Ama sabırla bekliyor ve seçim sonrası bombaları patlatacak.
Tarafsızlık ve objektivite konusunda artık hiçbir kabul edilebilirliği kalmayan bu ve diğer kuruluşların verdiği notlar artık kendi varlıklarını tartışılır ve yok haline getirdi.
Dikkat edin; eskiden not düşürülmesi ciddi kargaşa ve karmaşaya sebebiyet verirken; şimdi ekonomi piyasalarında ve halk nezdinde kayda değer bir negatif etki uyandırmıyor bile.
Çünkü bu kuruluşların kimlere ve ne için tetikçilik yaptığını hemen herkes görmeye başladı.
Son altı ay içinde ülkemize ciddi finansal kaynak transferleri yapıldı.
Kore’de Türkiye Ekonomisine dair katkı sağlayacak çok önemli görüşmelerin yapıldığını duydum.
Uzak Doğu sermayesi üzerinde de çok ciddi etkisi bulunan uluslararası grup ve lobilerin önümüzdeki günler ve çok yakın gelecekte ülkemize yatırım planları konuşuldu.
Özellikle iş çevrelerinin bu noktaya dikkatini çekmek istiyorum.
İki-üç ay içinde 15 milyar dolayında bir kaynak akışı olacaktır.
Ve özellikle seçim sonrası süreçte kısa-orta ve uzun vadeli yatırımlar ve kaynakların Türkiye’ye geldiğini göreceğiz.
Seçim sonrası Kanal İstanbul başta olmak üzere, şuanda adı söylenmeyen başka büyük projeler için de finansman görüşmeleri yapılıyor.
IMF diyen işadamları ve iş çevrelerinin bu gelişmelerden haberinin olmadığını ve/veya kısmen oluyorsa da pek de iyi niyetli olmadıkları için kriz köpürtmesi yaptıklarını düşünüyorum.
Ama bilinsin ki; seçim sonrası oluşturulacak “milli, yerli, kararlı, liyakat, ehliyet ve deneyim sahibi ekonomi yönetimiyle” ekonomik parametreler bugünden çok daha iyi noktalara gelecek, kriz tellallığı ve IMF kapısı meraklıları boşa düşecektir.
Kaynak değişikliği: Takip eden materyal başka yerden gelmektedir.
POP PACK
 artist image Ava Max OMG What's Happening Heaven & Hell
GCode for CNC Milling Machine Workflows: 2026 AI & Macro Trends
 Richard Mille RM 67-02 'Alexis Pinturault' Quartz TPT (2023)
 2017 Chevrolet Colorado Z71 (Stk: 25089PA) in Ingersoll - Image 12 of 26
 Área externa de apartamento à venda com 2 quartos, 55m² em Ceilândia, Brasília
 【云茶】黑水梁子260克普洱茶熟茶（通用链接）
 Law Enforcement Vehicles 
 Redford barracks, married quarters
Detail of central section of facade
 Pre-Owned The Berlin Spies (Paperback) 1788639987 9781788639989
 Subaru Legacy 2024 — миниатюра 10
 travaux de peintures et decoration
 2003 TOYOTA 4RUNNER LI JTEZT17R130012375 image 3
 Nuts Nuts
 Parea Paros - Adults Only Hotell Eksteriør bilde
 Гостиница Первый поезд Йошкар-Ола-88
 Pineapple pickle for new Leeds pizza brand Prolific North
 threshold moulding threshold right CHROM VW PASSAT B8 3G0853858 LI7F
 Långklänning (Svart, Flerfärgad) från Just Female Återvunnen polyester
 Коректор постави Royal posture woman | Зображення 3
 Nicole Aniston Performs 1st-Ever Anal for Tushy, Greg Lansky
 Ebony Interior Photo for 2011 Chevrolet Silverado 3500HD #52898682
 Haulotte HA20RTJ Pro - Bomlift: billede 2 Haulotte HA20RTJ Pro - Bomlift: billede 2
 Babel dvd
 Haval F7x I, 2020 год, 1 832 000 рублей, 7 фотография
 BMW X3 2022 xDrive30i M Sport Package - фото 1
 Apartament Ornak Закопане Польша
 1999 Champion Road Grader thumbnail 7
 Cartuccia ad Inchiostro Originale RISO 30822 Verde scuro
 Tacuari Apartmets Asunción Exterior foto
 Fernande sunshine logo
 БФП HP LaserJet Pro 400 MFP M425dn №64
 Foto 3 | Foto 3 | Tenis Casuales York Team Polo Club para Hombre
Seçim sonrası Mart-2019 Yerel Seçimlerine kadar elli milyar dolarlık bir kaynağın geleceği nerdeyse kesinleşmiş durumdadır.
Çin, Kore, Hongkong, Singapur başta olmak üzere, Avrupa, İngiltere ve hatta ABD menşeili çok ciddi yatırımcı fonların dikkati ülkemize odaklanmış durumdadır.
Yeter ki; seçim sonrası ekonomi yönetimini sağlam oluşturalım, reel ve sağlıklı kararlar alalım.
Ekonomik dedikodulara meydan vermeden, akıllı ve akılcı politikalarla, kararlı ve inançlı şekilde yürüyelim.
Buradan IMF’in ekonomik jandarmalığına davetiye çıkartan, ekonomi kötüye gidiyor diyen ve ülke ekonomisinin uluslararası kimi tefeci kuruluşlara teslime mecbur olduğunu dile getiren işadamı ve iş çevrelerine sesleniyorum.
Sizler kaygıyla, tedirgin ve hatta art niyetle konuşurken ve asıl bu söylem ve eylemlerinizle ekonomiye zarar verirken; uluslararası pek çok kuruluşlar, fonlar ve gruplar Türkiye’nin global denklemdeki yerini, anlam ve önemini sizden daha iyi görüyor ve biliyor.
Sizlerin kriz tellallığı yapmanıza rağmen, onlar daha uzun vadeli ekonomik planlarla Türkiye’ye gelmek istiyor ve gelecekler.
Ha bu arada; IMF’cilik artık demode oldu.
Doksanlı yılların refleksiyle hareket ederek; IMF’i ve onun müfettişlerinin ülkemize ve özellikle yöneticilerimize parmak salladıkları dönemin nostaljisine girmeyin.
Uluslararası arenada farklı güçler, gruplar, dinamikler oluştu ve gelişti.